== THE INPUT ==
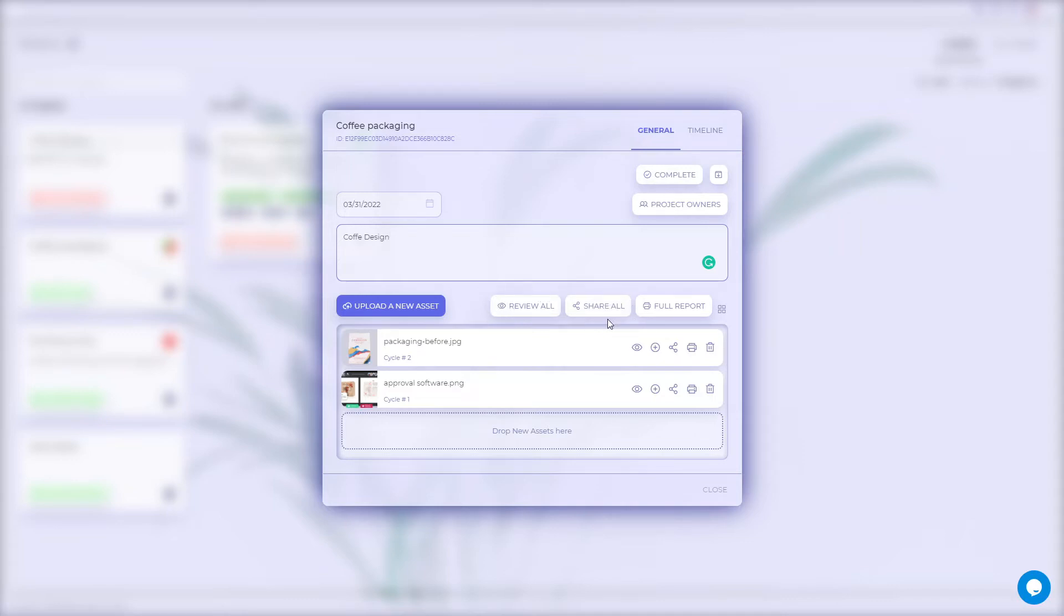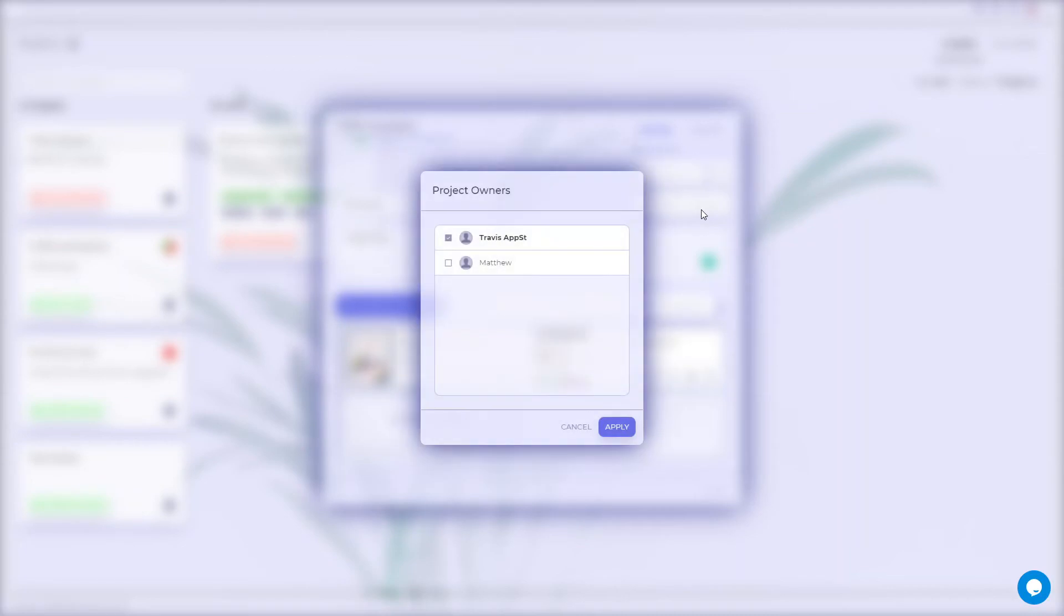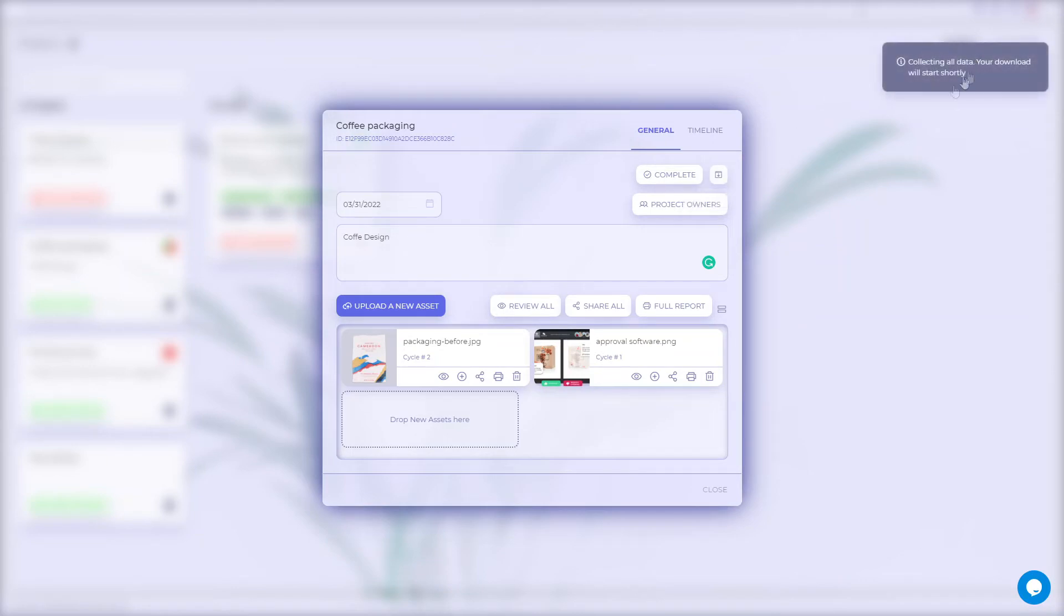All these actions can also be applied separately to each file. You can switch the view of assets from list to tiles. In the General tab, you can also add or remove project owners, download the zip file with all available project materials, and complete the project.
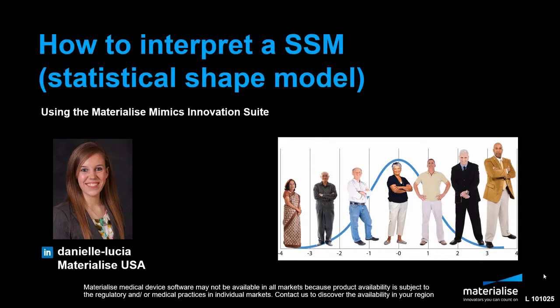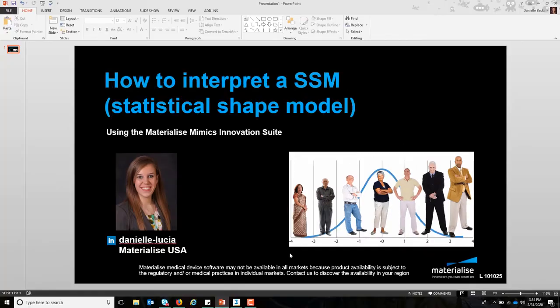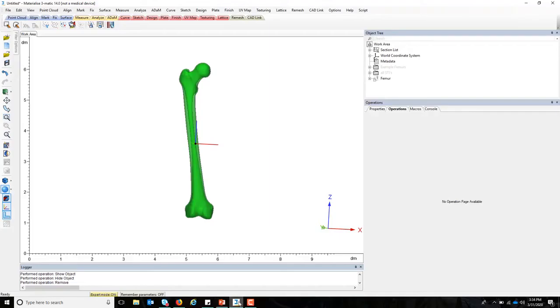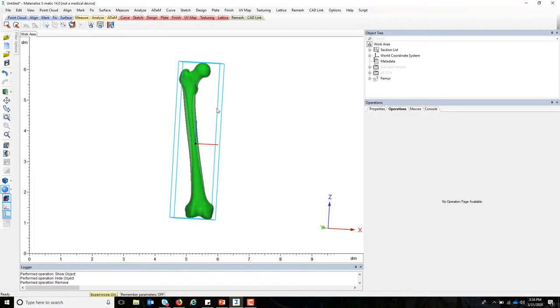And so how can you as a medical device manufacturer start to understand what these models look like and how to design a device that best fits this population? What I'd like to show you is the 3MATIC software, and in this example, I'll explain to you how a femur can be used in a statistical shape modeling sense.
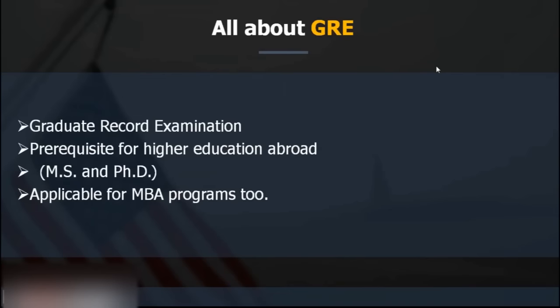GRE, the Graduate Record Examinations, is a prerequisite for higher education abroad. If you're looking for MS or PhD, GRE is a must. It's not only applicable for MS and PhD — it's also applicable for MBA. Especially for students who are still confused between MBA and MS, GRE can be a great option because it keeps your options open.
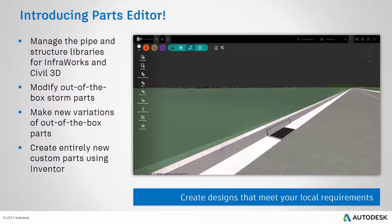Why is this important? It allows you to create the designs that meet your local requirements and your specific needs.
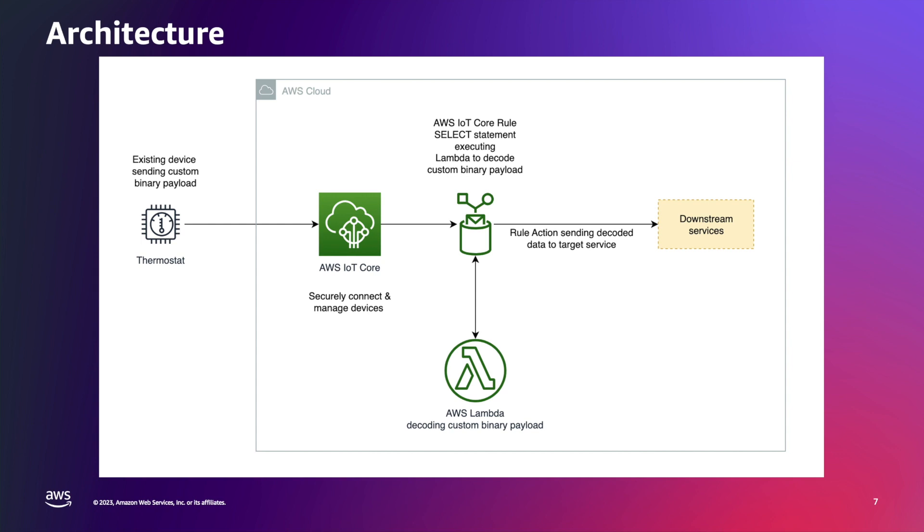Now in the rule, you can trigger one of the possible actions to send the decoded data to a downstream service. In my case, I just republished the JSON payload into another MQTT topic in AWS IoT Core.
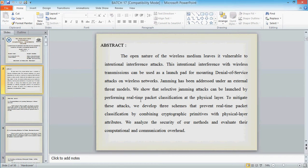To avoid this, to mitigate this, we use three schemes which combine cryptographic primitives with physical layer attributes. So that the packet classification on the fly can be avoided with less effort in the communication overhead.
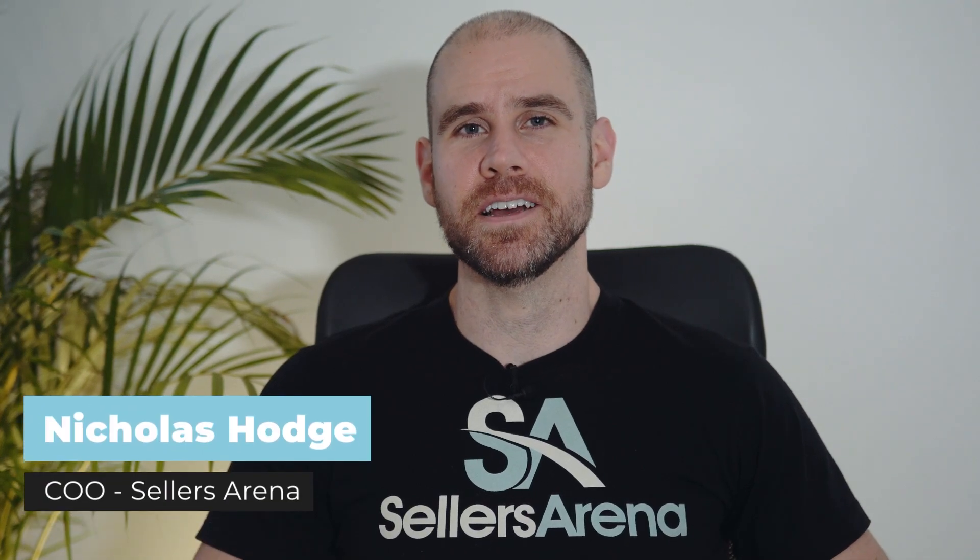Hey what's up guys, this is Nick Hodge with Sellers Arena and today I'm going to be talking about one of my favorite strategies on Amazon, and that is using their clip coupons on product listings to give customers an additional discount.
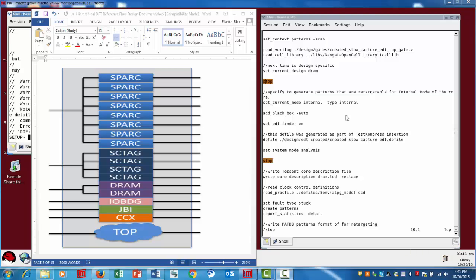In this video, I'll demonstrate how you can generate and retarget scan patterns in a hierarchical DFT design. Very quickly, an overview of hierarchical DFT: what we mean is that we have an SOC design, such as this right here, this open source Spark controller design.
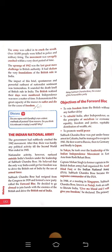Victory, however, was short-lived. Japan was defeated by the Allied powers. Britain re-established control over Burma, and the INA was defeated. A large number of soldiers and officers of the INA were taken prisoner. Japan surrendered after the atom bomb attacks on Hiroshima and Nagasaki. It is believed that Subhash Chandra Bose was killed in a plane crash on his way to Tokyo.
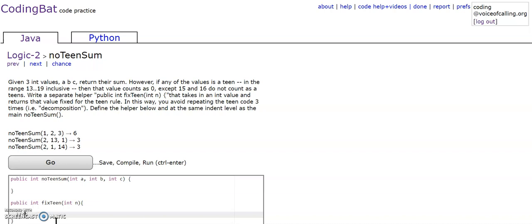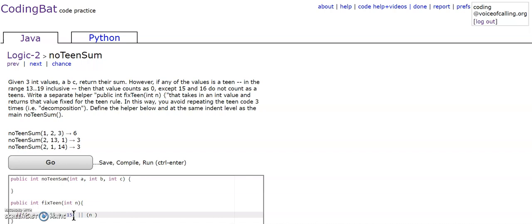We're going to check if n is greater than or equal to 13 and n is less than 15, or n is greater than 16 and n is less than or equal to 19.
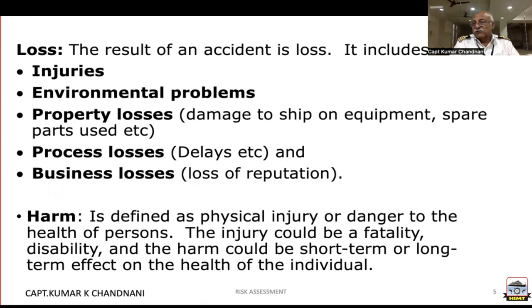And what harm would it cause? A physical injury or danger to the health of persons. It could be a fatality, disability, and the harm would be either a short-term or a long-term effect on the health of the individual.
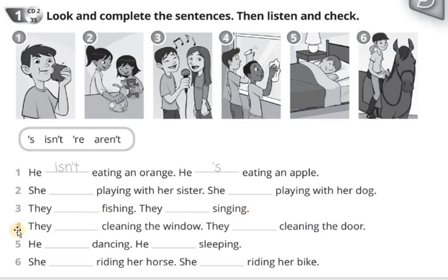4. They're cleaning the window. They aren't cleaning the door.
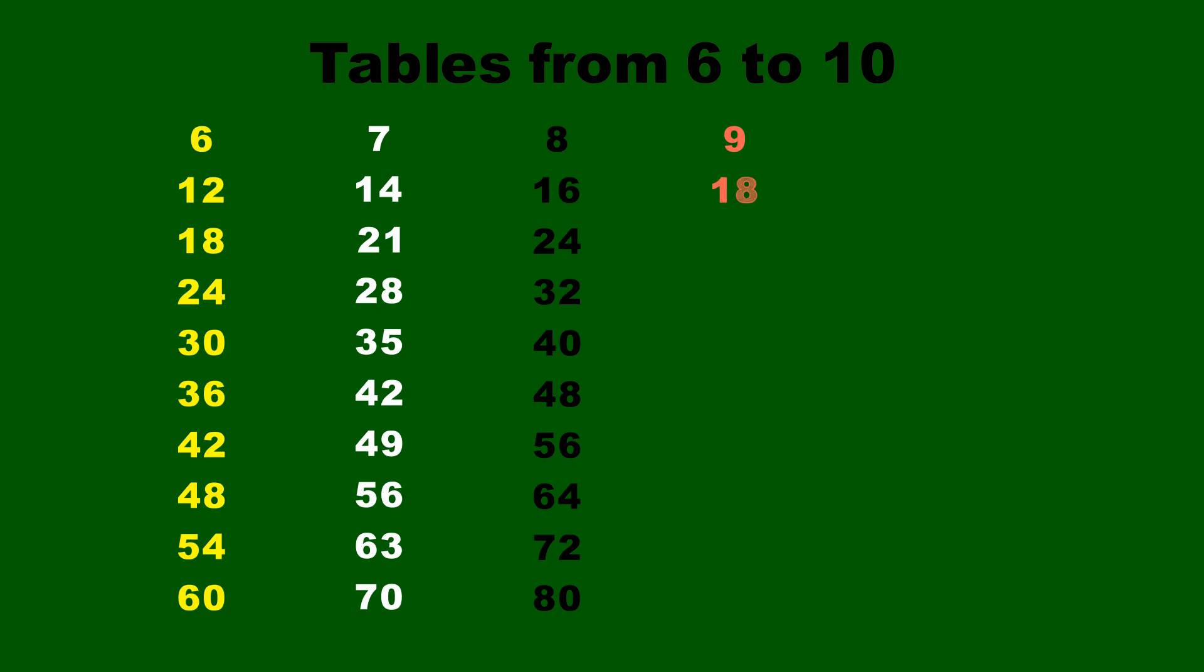9 ones are 9, 9 twos are 18, 9 threes are 27, 9 fours are 36, 9 fives are 45, 9 sixes are 54, 9 sevens are 63.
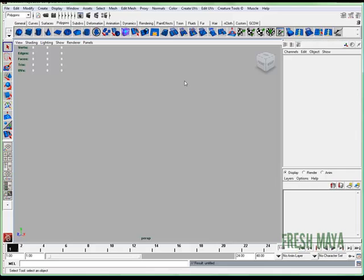Welcome to FreshMy.com. My name is Eric and I'm going to show you how to model a calculator. We're also going to do a UV texture map on it, apply some textures, and do a render.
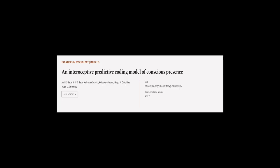This article was authored by Anil K. Seth, Keisuke I. Suzuki, and others.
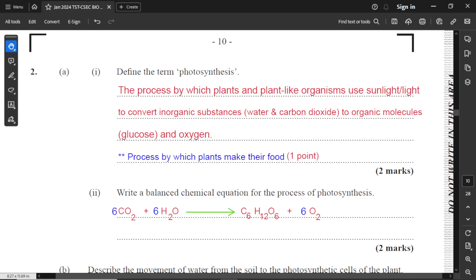Question number two, part one: define the term photosynthesis. The process by which plants and plant-like organisms use light or sunlight to convert inorganic substances — water and carbon dioxide — to organic molecules, which will be simple sugars (in this case glucose), along with oxygen. If you just state that it's a process by which plants make their own food, you'll only get one mark. You need a little more detail for two marks.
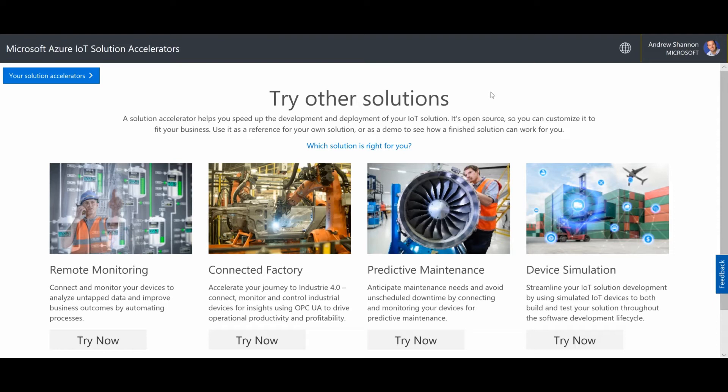Hi everyone, Andrew here from the Time Series Insights Program Management Team. In this video, I am going to create an Azure IoT Solution Accelerator that I am going to use to build a real IoT solution.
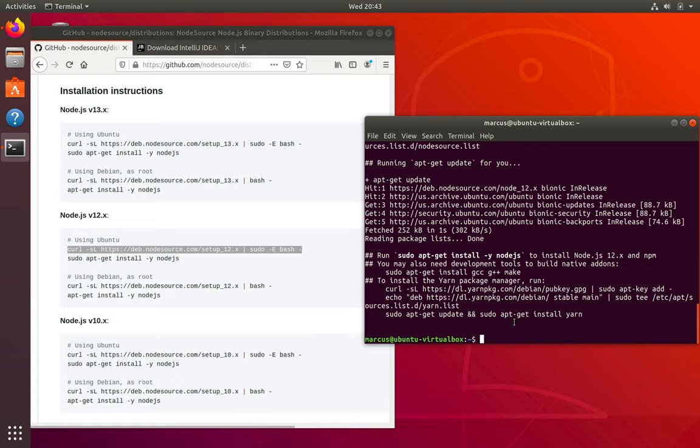We're now ready to install all the packages that we need. So again, we're going to use apt-get, and we're going to install OpenJDK, which is an open source JDK distribution, version 11, which is the latest LTS, and the JDK version of that, which is the development kit, which we need in order to actually create our own Java software.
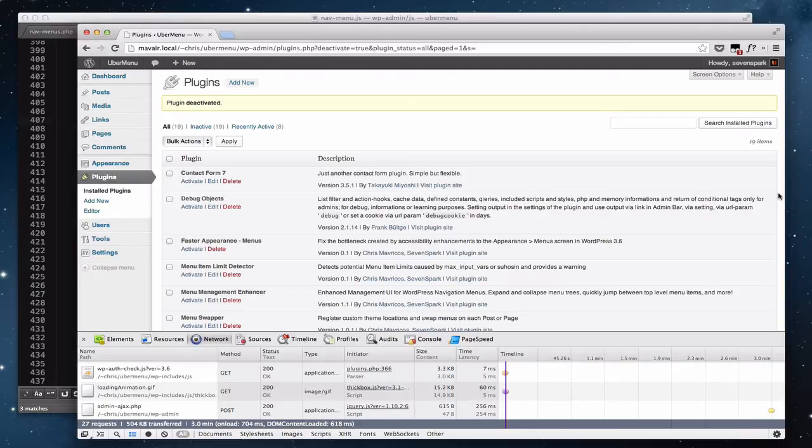Here's a quick video demonstration of the lag in the appearance menu screen when using a large number of menu items in WordPress 3.6.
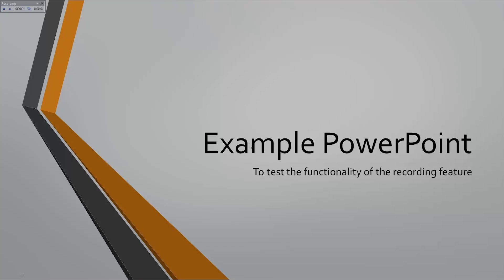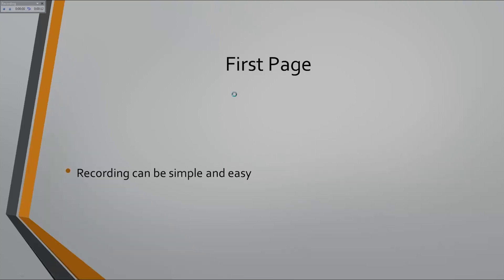Once we've hit Start Recording, your PowerPoint will start the presentation and begin recording the presentation as well as any words that you say into the microphone while it's going. It will record just as if it were a video, so whenever you click the transition to a new slide, it records it.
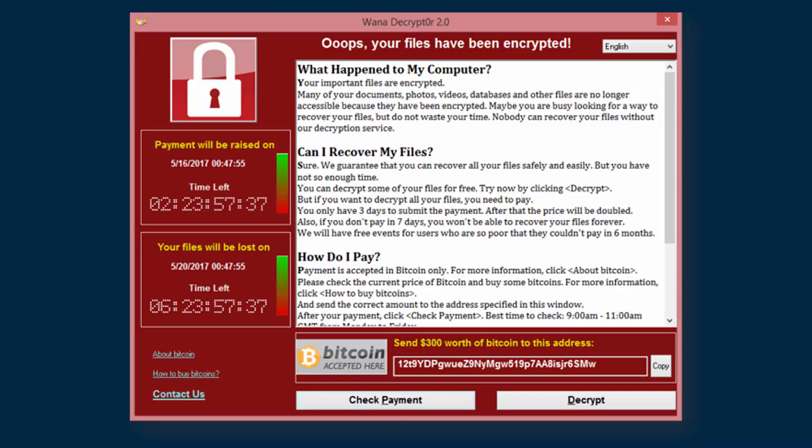This attack managed to exist because there was a vulnerability in some old software, an old Windows operating system from the '90s. The NHS hadn't bothered to update it, which was a massive mistake, a massive weakness. The attackers could exploit it, and this was a worm as well. Often modern malware is a mix of different types. It was a worm, so it spread over networks very quickly, which is why it was such a serious attack.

== PROBLEM TO SOLVE ==
Transcribe only these lines, exactly: the first line of the listing, every line after it, and the line with "And so how can", where the copy ends. Include no picture.

== ANSWER SECTION ==
All these actions can also be applied separately to each file. You can switch the view of assets from list to tiles. In the General tab, you can also add or remove project owners, download the zip file with all available project materials, and complete the project.
And so how can you as a medical device manufacturer start to understand what these models look like and how to design a device that best fits this population? What I'd like to show you is the 3MATIC software, and in this example, I'll explain to you how a femur can be used in a statistical shape modeling sense.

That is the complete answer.